5.2 Future research directions

5.2.1 Implicative privacy preservation

As mentioned, current research ignores the protection of implicative privacy. Attention has been paid to the protection of the content of the task, data, bid, etc., while privacy disclosure by indirect inference still lacks exploration. Since implicative privacy also contains a lot of sensitive information, it becomes essential to provide implicative privacy preservation in MCS.

5.2.2 Efficient identity privacy preservation with accountability

Current identity privacy preservation emphasizes anonymity and unlinkability but underestimates accountability on MCS entities. Accountability, such as malicious behavior detection, trust evaluation, and user revocation, helps exclude malicious entities from the MCS system and assists users to judge rationally. While the study is important for MCS security and privacy preservation, the challenge is that accountability may conflict with identity privacy. That is, providing unlinkability makes it hard to trace DPs or DCs. However, it also increases the difficulty in linking the activities of a single user together, and checks its honesty, evaluates its trust, etc.
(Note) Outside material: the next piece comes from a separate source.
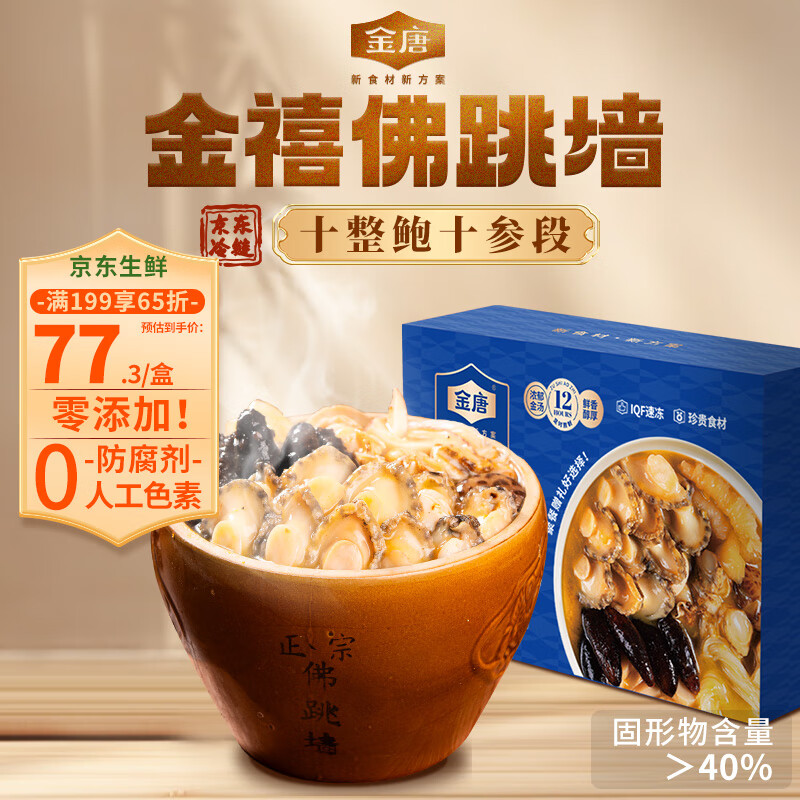 金唐正宗佛跳墙1650g大盆菜海参鲍鱼花胶海鲜预制菜节日送礼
Also, Existing schemes that support identity privacy and accountability usually suffer from low efficiency. A typical example is the scheme using group signature. In short, while the challenge exists, it is still significant to provide an efficient privacy preservation scheme with accountability to enhance privacy and security in MCS.

5.2.3 Data privacy preservation with accountability

Data privacy preservation in MCS has been widely studied so far. The unreliability of MCS makes it necessary to support data accountability, such as statistics, truth discovery and quality evaluation as well. One effective tool is homomorphic encryption, but it suffers from high computational overhead. Obviously, cryptography techniques are unable to solve this problem standalone. Therefore, it is necessary to employ more efficient and effective solutions [52] to address this problem.

5.2.4 Decentralized MCS with privacy preservation

Since centralized architecture is vulnerable to single point failure and dishonest behaviors of SPs, decentralized MCS system is highly expected. Currently, with the emergence of blockchain, numerous decentralized systems based on blockchain are proposed in the field of Internet of Things (IoT), vehicular ad-hoc network (VANET), smart city, etc. Since the security of blockchain relies on the underlying consensus mechanism rather than the security of a single party, it can work as an effective tool to build a decentralized MCS system [20]. However, due to the openness and transparency of blockchain in nature, how to build a decentralized MCS system with privacy preservation with blockchain becomes a promising research topic.

5.2.5 Summary

Though we list the above future research directions separately, they may relate to each other and we should integrate them in our study. For example, when designing preservation on identity privacy or data privacy with accountability, we should consider how to efficiently preserve implicative privacy. In addition, decentralized privacy preservation should take into account efficiency, since high computation or communication overhead may harm availability because of the restricted capability of a blockchain system. What is more, the leakage of data privacy may also lead to the disclosure of identity or location, since MCS data usually contain sensitive information like workplace. Therefore, a holistic scheme become critically essential to comprehensively preserve the privacy of identity, data, attribute and task.

6 Conclusion

In this paper, we summarized the unique characteristics of MCS and analyzed its potential privacy risks. We setup a series of requirements for privacy preservation in MCS. Different from existing survey work, we pointed out that when designing privacy preservation schemes, apart from privacy issues, the fulfillment of accountability, availability, and efficiency is also necessary for practically protecting privacy in a holistic way. Based on the proposed requirements, we performed a serious survey on privacy protection in MCS and analyzed the pros and cons of existing work. Finally, we summarized several open issues and propose some significant future research directions to direct additional efforts in this research field.